Enquanto Trump recepcionava policiais em Washington, o candidato democrata à Casa Branca, Joe Biden, foi até Houston e se reuniu por mais de uma hora com familiares de George Floyd, durante o primeiro dia de funeral em Houston. De acordo com o advogado Benjamin Crump, o ex-vice-presidente “ouviu, escutou a dor e compartilhou de sua angústia”. “Sua compaixão significou o mundo para esta família enlutada”, escreveu Crump no Twitter. “Escutar o outro é o que começará a curar a América.” Entre os participantes do encontro, estavam o reverendo Al Sharpton, o deputado democrata Cedric Richmond e Roger Floyd, tio de George. Biden deixou-se fotografar após a reunião, utilizando máscara.

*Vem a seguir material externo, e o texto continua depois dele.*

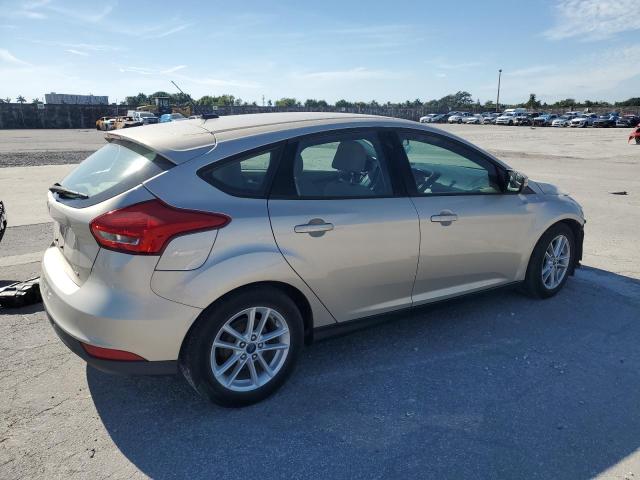 Vin: 1fadp3k28hl295457, lot: 86714534, ford focus se 20173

Até o fechamento desta edição, Trump não tinha feito menção de visitar Minneapolis ou de conversar com manifestantes e familiares de Floyd.


  • Fiança milionária para Derek Chauvin
    Derek Chauvin (foto), o policial branco de Minneapolis acusado de matar por asfixia o afro-americano George Floyd, compareceu pela primeira vez ao tribunal em uma audiência de videoconferência. Ele apareceu vestindo roupa de prisioneiro laranja em uma tela instalada em um tribunal de Minneapolis. A juíza Jeannice Reding, do condado de Hennepin, fixou a fiança em US$ 1,25 milhão (cerca de R$ 6,1 milhões) e agendou o próximo comparecimento de Chauvin, 44 anos, para daqui a 20 dias.  Se o policial cumprir uma série de exigências, como renunciar ao uso de armas e prometer não entrar em contato com membros da família de Floyd, a fiança será reduzida para US$ 1 milhão. Eric Nelson, advogado de Chauvin, não se opôs à quantia, que ele provavelmente não poderá pagar. O procurador do Estado, Matthew Frank, solicitou uma fiança elevada, considerando que Chauvin apresentava risco de fuga devido à seriedade das acusações e à forte reação do público ao caso. No vídeo da abordagem policial a Floyd, Chauvin aparece com o joelho sobre o pescoço da vítima.


  • TUITADA

    “Neste ano, temos visto os mais baixos índices de crimes da história registrada de nosso país. Agora, os democratas da esquerda radical querem retirar dinheiro e abandonar nossa polícia. Desculpem-me, eu quero lei e ordem!”